[Captioned web image data]
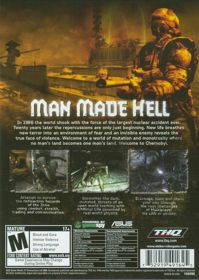 S.T.A.L.K.E.R.: Shadow of Chernobyl - Box - Back (North America) - 568x800
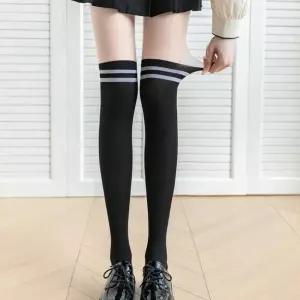 G126136_배색 페이크스타킹 골프스타킹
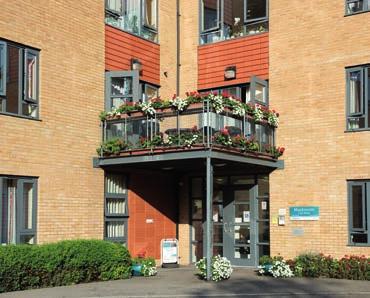 Purpose built for care Meadowside is a popular and spacious home providing care and support for 68 people across three floors.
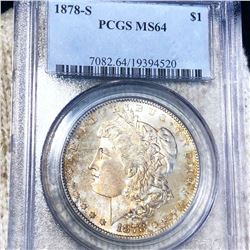 1878-S Morgan Silver Dollar PCGS - MS64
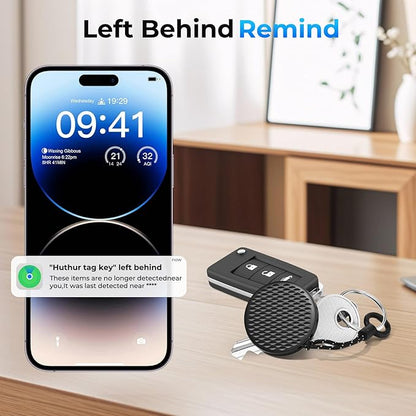 Air Tracker Tags-2 Pack, Bluetooth Tracker for Apple Find My (iOS Only), Smart Tracking Tag with 100dB Sound and Replaceable Battery, Key Finder Item Locator for Luggage Keys Wallet Backpack (Mini)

> **Work request**
The entries are to be transcribed word for word, without their images.

> **Response for this exercise**
 S.T.A.L.K.E.R.: Shadow of Chernobyl - Box - Back (North America) - 568x800
 G126136_배색 페이크스타킹 골프스타킹
 Purpose built for care Meadowside is a popular and spacious home providing care and support for 68 people across three floors.
 1878-S Morgan Silver Dollar PCGS - MS64
 Air Tracker Tags-2 Pack, Bluetooth Tracker for Apple Find My (iOS Only), Smart Tracking Tag with 100dB Sound and Replaceable Battery, Key Finder Item Locator for Luggage Keys Wallet Backpack (Mini)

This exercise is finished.